As phase evolution is taken into account, this algorithm needs past and
current data, defined at times prev_time and next_time respectively:
nextOrig : input non-transformed PartialSet at next_time.
nextTransf : output transformed PartialSet at next_time.
prevOrig : input non-transformed PartialSet at prev_time.
prevTransf : input transformed PartialSet at prev_time.
nextFactor : transposition factor at next_time.
prevFactor : transposition factor at prev_time.
If prevOrig or prevTransf are set to NULL, phase is
not considered (and prevFactor is not used). In this case,
phase values after frequency transposition are nonsense.
The algorithm still works if nextOrig is equal to nextTransf.
In this case, nextOrig non-transformed data is overwritten.
Returns
1 if transposition was successful.
-1 if there is no available memory to perform the operation.
5.4.13 PmIvarFreqTransp
Synopsis int PmIvarFreqTransp (PmPartialSet nextOrig, PmPartialSet nextTransf,
PmPartialSet prevOrig, PmPartialSet prevTransf, PmBreakPoint nextIvar,
float prevIvar)
Index-variable frequency transposition:
transposes frequencies of PartialSet nextOrig by a factor which
depends on the partial index.
Transposition factor is defined in a breakpoint function nextIvar
which contains points [index ; factor].
prevIvar is the breakpoint function which has been used at prev_time.

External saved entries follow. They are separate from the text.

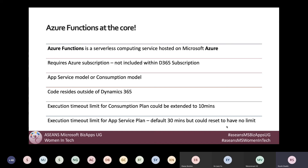Azure Functions comes with two subscription models. One is the consumption model — costs are calculated based on the calls made to your function, so if there are no calls the cost is low. The other is the app service model, which is a flat fee — it doesn't depend on per-request count, so within that flat cost you can host your functions and Microsoft won't keep account of individual transactions.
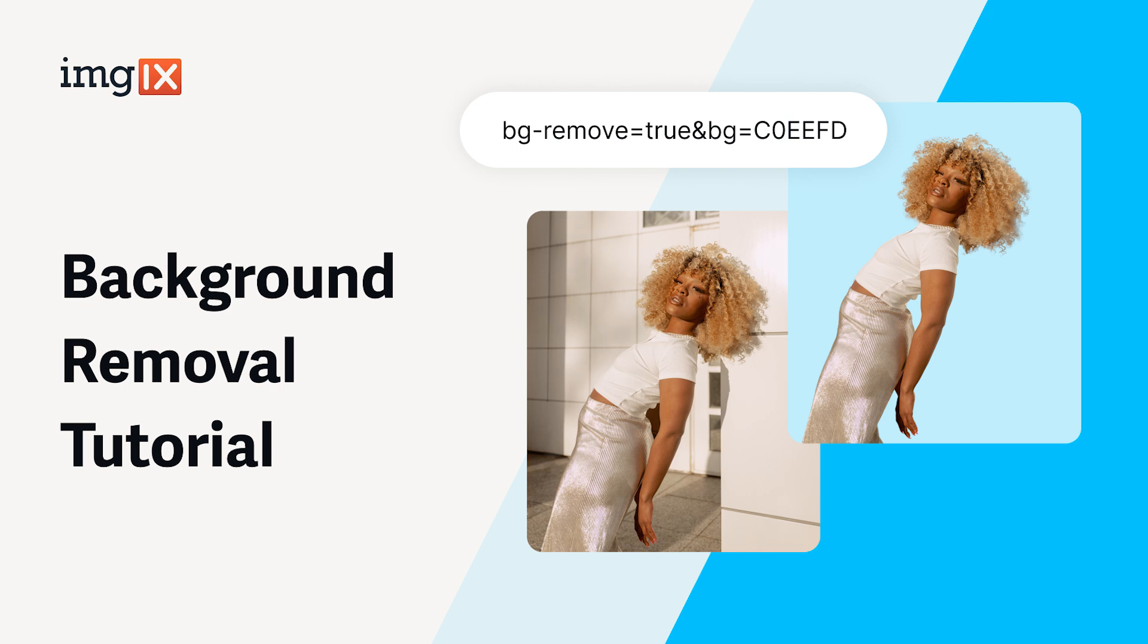Hi and welcome. My name is Eric and I'm a software engineer on the image processing team at ImageX and today we'll demo image background removal.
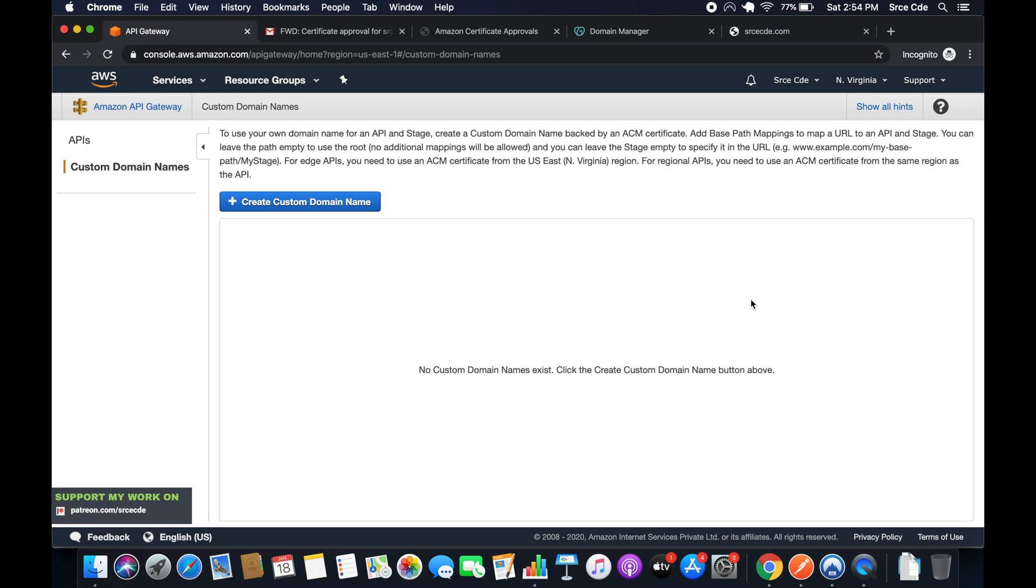What's up guys, I am Churag and welcome to part 2 of the tutorial series on custom domain names with API Gateway. In the previous tutorial, we provisioned the certificate for our domain, srcecd.com in my case, and validated the ownership of that domain using email validation.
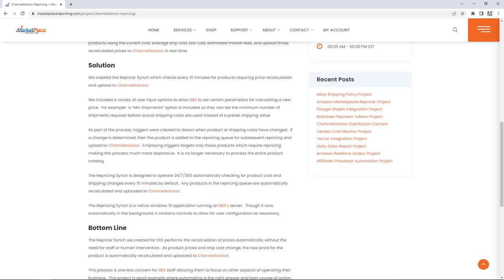The bottom line: The repricing sync we created for Bell's Bike Shop performs product repricing automatically without the need for staff intervention. As product prices or ship costs change, the new price for the product is automatically recalculated and uploaded to ChannelAdvisor. This process is one less concern for Bell's Bike Shop staff, allowing them to focus on other aspects of operating their business. This project is a good example where automation is the right answer and best course of action.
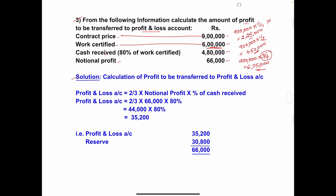The third condition says: two-thirds of notional profit is transferred to profit and loss account. The formula is: P&L account = 2/3 × notional profit × percentage of cash received. Alternatively, instead of percentage of cash received, you can write cash received divided by work certified. Both formulas give the same result — take whichever is easier for you.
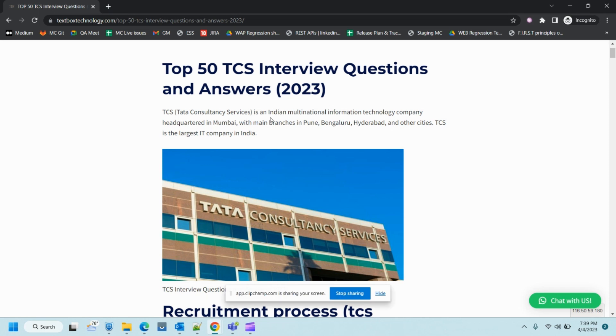Hello everyone, welcome to another video of the Testing Class. Today I'm going to cover the top 50 TCS interview questions and answers for 2023.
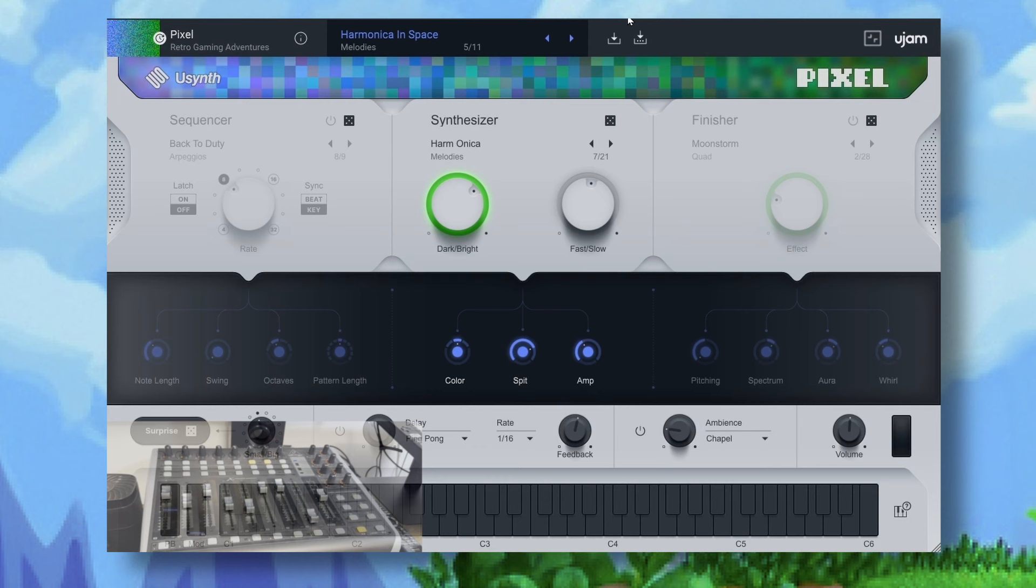I hope you found this tutorial useful how I use pixel within uSynth and also in combination with the hardware I use to get the best out of virtual synthesizers and my digital audio workstation. So until next time, thank you for watching!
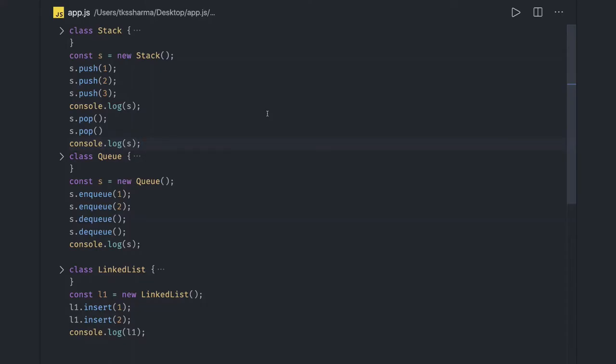Hi everyone and welcome back. So in previous videos we talked about stack, queue and linked list, the class based implementation, and we just did push pop, enqueue dequeue, and linked list insert. And this was running perfectly fine.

Other features are the same as for PmFreqTransp.
Returns
1 if transposition was successful.
-1 if there is no available memory to perform the operation.
5.4.14 PmFvarFreqTransp
Synopsis int PmFvarFreqTransp (PmPartialSet nextOrig, PmPartialSet nextTransf,
PmPartialSet prevOrig, PmPartialSet prevTransf, PmBreakPoint nextIvar,
float prevIvar)
Frequency-variable frequency transposition:
transposes frequencies of PartialSet nextOrig by a factor which
depends on the partial frequency.
Transposition factor is defined in a breakpoint function nextIvar
which contains points [frequency ; factor].
prevIvar is the breakpoint function which has been used at prev_time.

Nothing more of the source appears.